Jusque-là, nous suivrons notre petit dictionnaire du coin de table.

Cependant, notre petit dictionnaire est myope ; il ne voit pas plus loin que le bout de son nez et il est tellement pénétré des idées de la tradition qu’il n’a pas vu qu’on peut tout aussi bien être iconoclaste et en même temps, créer des images ou des représentants figurés. Il passe dès lors à côté du fait que cette création d’œuvres nouvelles, ou par extension, d’idées nouvelles, de conceptions nouvelles se fait en bousculant les choses établies et même, en détruisant, volontairement ou non, les traditions et que cette destruction peut même être son objectif.

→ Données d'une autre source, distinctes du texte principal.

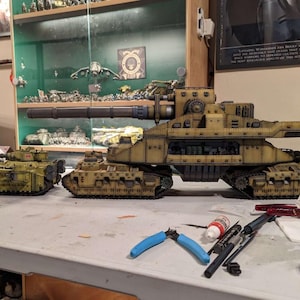 May include: A collection of model tanks in various sizes, painted in shades of tan and olive green. The largest tank has a long cannon and detailed mechanical features. Tools and supplies are scattered on the table, suggesting a hobbyist's workspace.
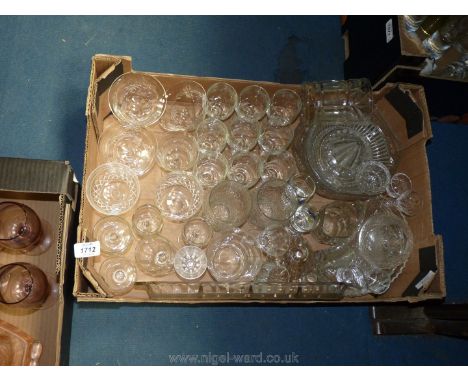 A quantity of glass including champagne bowls, sherry glasses, crescent side dishes, lemon squeezer etc.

On découvre ainsi une autre dimension de l’iconoclaste, une dimension positive puisque créatrice et au plein sens du terme, une dimension progressiste : l’iconoclaste est celui qui en créant du neuf montre les ruines et les usures de l’ancien. C’est le créateur iconoclaste.

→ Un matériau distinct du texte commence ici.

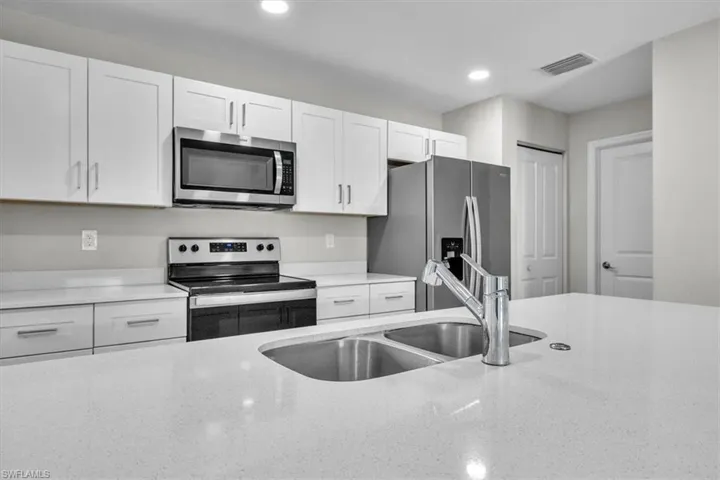Kitchen featuring appliances with stainless steel finishes, white cabinetry, recessed lighting, and light stone countertops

À proprement parler, il ne détruit rien physiquement, il ne touche même pas aux choses anciennes ; il peut tout aussi bien les ignorer. L’iconoclastie du créateur, celle qui est née de la pensée et de la raison est d’une certaine manière, indirecte ; elle détruit par péremption, par usure de l’ancien. En clair, elle renvoie les idées et les croyances, les modes anciennes aux vieilles lunes et aux calendes grecques.

Alors, soit dit en passant, si l’on applique particulièrement l’iconoclastie aux dieux ou à Dieu (ce qui revient au même), on s’aperçoit que l’iconoclaste créateur – par l’acte de création qu’il pose – ignore ces phénomènes d’église et que l’iconoclastie créatrice est une forme d’athéisme.

En quelque sorte, il dit, généralement de façon implicite : « le roi est nu », « le pantalon est troué », « la parure tombe en loques », « le toit est percé », « la maison s’écroule », « la pomme est pourrie », et ainsi de suite.

Il dévoile la réalité.

Cet iconoclaste créateur de neuf est une dimension essentielle de l’art et singulièrement, de la peinture, mais pas seulement.

Nombre de créateurs – peintres (comme Clovis Trouille), sculpteurs, écrivains, musiciens, poètes, architectes, ingénieurs, astronomes, savants, chercheurs de toutes les disciplines et bien évidemment, philosophes s’y sont essayés.

C’est le cas de Clovis Trouille qui a passé sa vie à détruire l’art ambiant en créant des œuvres qu’on qualifiera sans aucune hésitation d’iconoclastes.

Ainsi, on peut gaillardement associer iconoclaste à peintre et l’ensemble constitué correspond assez à ce qu’on peut employer comme terme pour définir Clovis Trouille.

Qu’il fut athée et anticlérical, on ne pourrait en douter.

Toute sa peinture le conte et le montre et de façon qu’on dira expressive.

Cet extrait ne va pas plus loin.